LAUREA

LAUREA. - È il titolo che si consegue dopo che si sono frequentati i corsi di una facoltà universitaria e superati i rispettivi esami mediante la pubblica discussione (nelle università italiane) e la pubblicazione della tesi detta appunto di l. (nelle

università e facoltà ecclesiastiche, eccezione fatta per le tre sezioni di musica sacra).

La l. rilasciata nelle università italiane è un titolo esclusivamente accademico, in quanto, senza un apposito esame di abilitazione, non apre la via all'insegnamento e all'esercizio di una professione.

Dopo la cost. Deus scientiarum Dominus del 24 maggio 1931 e le Ordinaciones annesse della S. Congregazione degli Studi e delle Università (12 giugno 1931), nelle scienze ecclesiastiche la l. si ha nelle seguenti discipline: teologia (dopo un corso di almeno 5 anni); filosofia (4 anni), diritto canonico (3 anni); utrumque ius (4 anni); S. Scrittura (a un minimo di due anni di distanza dalla licenza che si può ottenere solo dopo due anni di studi) scienze orientali (3 anni); archeologia cristiana (3 anni); storia ecclesiastica (3 anni); missionologia (3 anni); centro gregoriano (3 anni); composizione di musica sacra (5 anni); organo (4 anni).

Anche in materie ecclesiastiche si dà la cosiddetta l. honoris causa, ma solo per concessione espressa della S. Sede da darsi volta per volta (art. 40 della cost. cit.). Il diritto di conferire la l. è riservato con esclusiva alle università e facoltà approvate dalla S. Sede (can. 1377 § 1, art. 6 della cost. cit.). La costituzione l'ultimo grado accademico e pertanto non può licenza (v.) nella rispettiva materia (art. 39); essa va sempre data a nome del sommo pontefice regnante, o, in tempo di vacanza, a nome della S. Sede (art. 35 cost.).

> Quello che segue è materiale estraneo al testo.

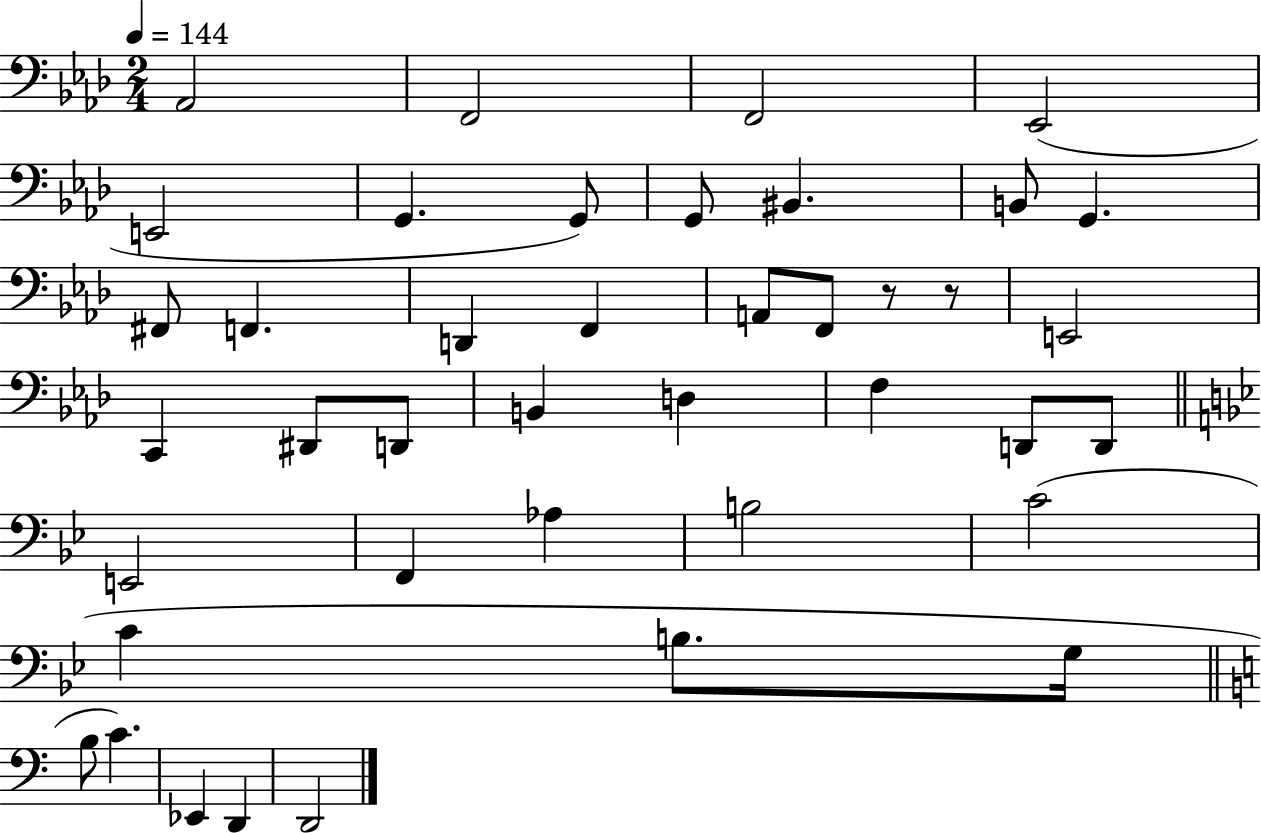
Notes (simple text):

Ab2/h F2/h F2/h Eb2/h E2/h G2/q. G2/e G2/e BIS2/q. B2/e G2/q. F#2/e F2/q. D2/q F2/q A2/e F2/e R/e R/e E2/h C2/q D#2/e D2/e B2/q D3/q F3/q D2/e D2/e E2/h F2/q Ab3/q B3/h C4/h C4/q B3/e. G3/s B3/e C4/q. Eb2/q D2/q D2/h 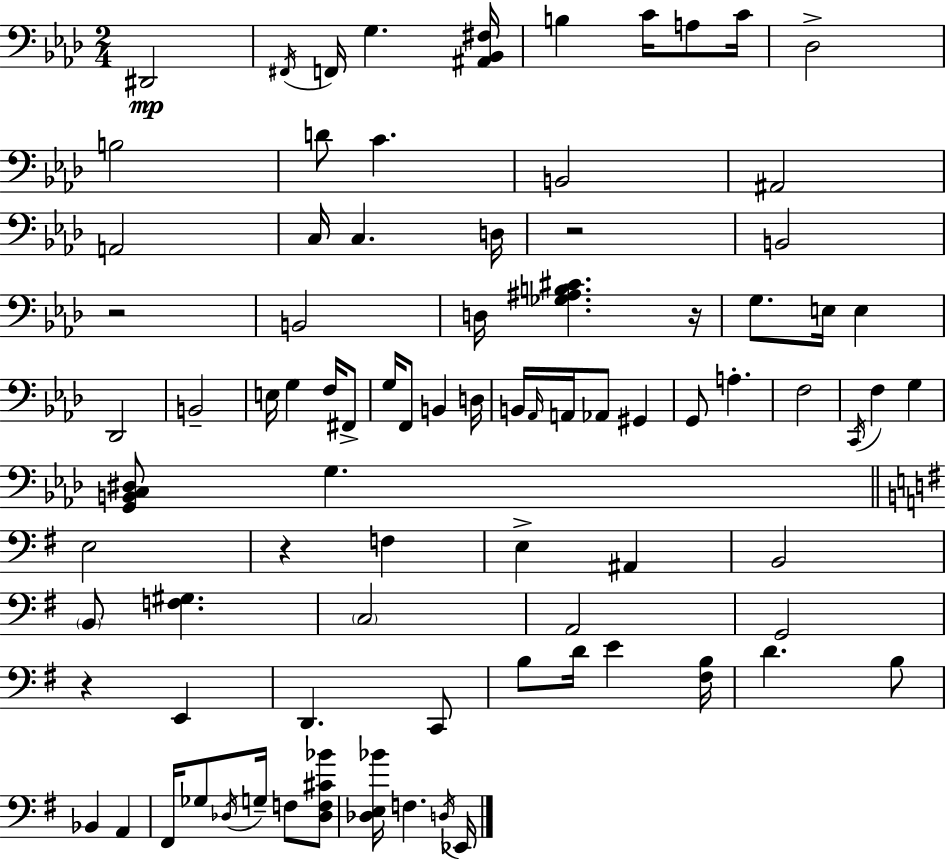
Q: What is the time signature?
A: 2/4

Oltre alle facoltà dipendenti dalla S. Sede vi sono in alcuni paesi facoltà teologiche dipendenti dallo Stato; esse mancano in Italia, tuttavia lo Stato italiano, a norma dell'art. 40 del Concordato, riconosce le l. in teologia rilasciate da facoltà teologiche approvate dalla S. Sede, anche agli effetti scolastici.

La l., oltre al diritto all'insegnamento e al titolo di dottore, comporta il privilegio dell'anello con gemma e il berretto dottorale a quattro pizzi, non però durante le funzioni sacre. Ai laureati compete inoltre la preferenza nei confronti degli altri, a parità di condizioni, nella scelta per i vari uffici ecclesiastici (can. 1378).

La l. finora richiesta o almeno desiderata nei can. 331 § 1 n. 3 (per la nomina a vescovo), 320 § 2 (abati e pretati nullius), 367 § 1 (vicari generali), 396 § 3 (prima dignità nel Capitolo cattedrale), 399 § 1 (canonico teologo e penitenziere), 404 § 2 (canonici), 434 § 2 (vicari capitolari), 1366 § 1 (professori di materie teologiche, filosofiche e giuridiche), 1573 § 4 (ufficiale e vice-ufficiali), 1589 § 1 (promotore di giustizia e difensore del vincolo), 1657 § 2 (avvocati), oggi di diritto viene supplita dalla sola licenza rispettiva, a norma della dichiarazione della S. Congregazione degli Studi e delle Università del 23 maggio 1948. Rimane tuttora necessaria per i professori delle università e facoltà che hanno diritto di conferire i gradi accademici; inoltre per gli uditori della S. Romana Rota è indispensabile, a norma del can. 1598 § 2, la l. in utroque iure.

BIBL.: Ch. Lefebvre, Docteur, in DDC, IV. coll.: 1325-36; cost. apost. Deus Scientiarum Dominus del 24 maggio 1931, in AAS, 23 (1931), pp. 241-62; S. Congregazione degli Studi e delle Università, Ordinamenti, del 12 giugno 1931, ibid., pp. 263-280; P. Dezza, De effettibus iuridicis licentiae et laureae, in Periodica de re mor., lit., can., 37 (1948), pp. 278-83.